Dzisiaj weszłam na wagę i stuknęło 65,1 kg😱😱😱 Wchodziłam 3 razy licząc, że waga się pomyliła. Byłam bliska klęknąć przed nią i prosić, żeby to nie była prawda. Ale bezlitosna dupnęła mi 65,1 między oczy😭 Kto tak robi?! Bolesna prawda. Ale co ja się dziwię, musiało się tak skończyć. Codziennie pół tabliczki czekolady, albo cała - a co przecież wolno 🤦‍♀️ Jakaś drożdżówka, pączek, kilka łyżek nutelli prosto ze słoika, dżemy, soki, cola, paluszki, chipsy, orzeszki, krakersy, michałki, batoniki, mleczne kanapki i ciągle, niekończące się podjadanie. Niby jak miałam utrzymać wagę przy takim czymś?
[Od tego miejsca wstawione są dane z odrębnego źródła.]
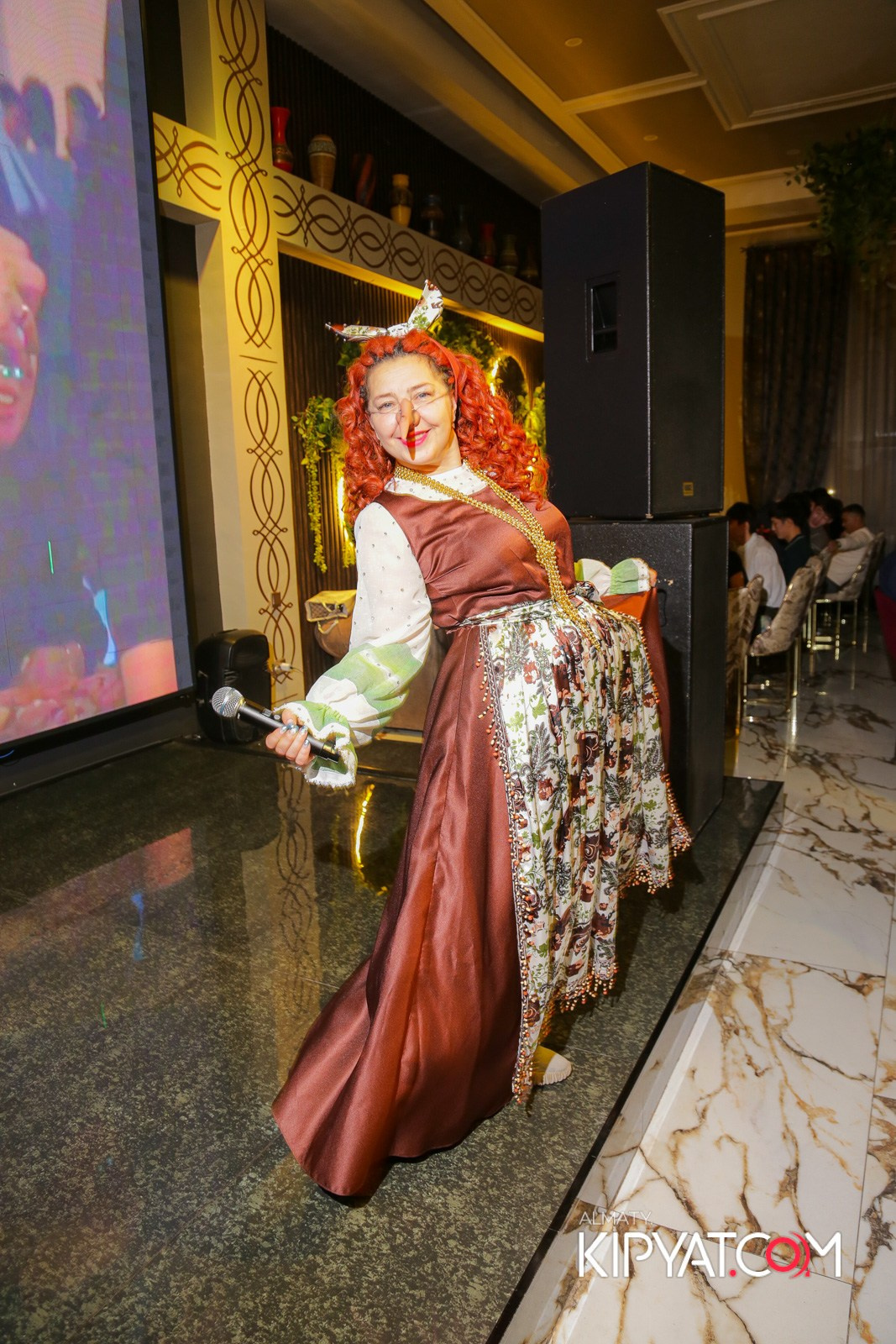 РЕСТОРАН РАХАТ. КИПЯТКОМ АЛМАТЫ!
Czuję się uzależniona, no nie mogę przyjść obok pułek ze słodyczami żeby czegoś nie wziąć. Kryję się przed mężem z jedzeniem. Chowam przed nim co lepsze słodycze, żeby móc wieczorem zjeść je sama. Jestem w takim stadium, że nawet nie chce się z nim dzielić, żeby mieć wszystko dla siebie. Czekam aż pójdzie do pracy i wtedy wyciągam słodycze ze skrytek i jem, jem, jem aż się skończy. Czekoladę jem już jak batonik, bo sam batonik by mi pewnie nie wystarczył... Jedyne co mnie trochę ratuje to to, że słodzę większość rzeczy miodem,a nie cukrem, ale to jest kropla w morzu. Aaaaa no i są jeszcze sery, sery żółte, pleśniowe, całe tacki kupowane w biedronce. Też zjadam je sama, też w ukryciu. Dzisisj poszedł cały bursztyn🤦‍♀️ Nie panuje nad tym. Jem bardzo nieregularnie, a mój Szkrab je regularnie. Tylko, że ja skupiam się na tym, żeby on ładnie zjadł i żeby go zachęcić, zabawić do jedzenia, że zapominam sama jeść. I jak on chce już wyjść z krzesełka to mi się przypomina, że może coś bym zjadła. Wtedy łapie coś w biegu. Obiad też jem w biegu, bo trochę go karmie swoim obiadem, więc to trwa, obiad zwykle robi się zimny więc jem szybko żeby zimniejszy już nie był. A później mi niedobrze... Popełniam wszystkie błędy i najprawdopodobniej będę taka jak moja mama😭 Moja mama jest najcudowniejszą mamą na świecie, ale ma 140 cm i waży ponad 90 kg (jak nie więcej bo po 90-tce przestała się ważyć)... O ile chciałabym być tak cudowną mamą jak ona o tyle nie chciałabym wyglądać jak ona😐 Myślę, że Szkrabuś zasługuje na piękną i szczupłą mamę, która będzie miała energię na odkrywanie z nim świata i towarzyszenie mu w tej cudownej drodze do dorosłości. Chciałabym też, żeby mąż patrzył na mnie tak jak kiedyś, a nie odwracał wzrok jak się rozbieram. Najgorsze jest jednak to, że pomimo tego wszystkiego co napisałam to mi to nawet nie przeszkadza, nie doskwiera, akceptuje siebie i lubię. No i klops, bo jak mam się zmienić, jak nie czuje palącej potrzeby żeby coś z tym zrobić. Niby widzę, że jest za dużo, nie mieszczę się w ulubione ubrania, brak mi czasami energii, ale jakoś to mi zwisa. I co teraz??? 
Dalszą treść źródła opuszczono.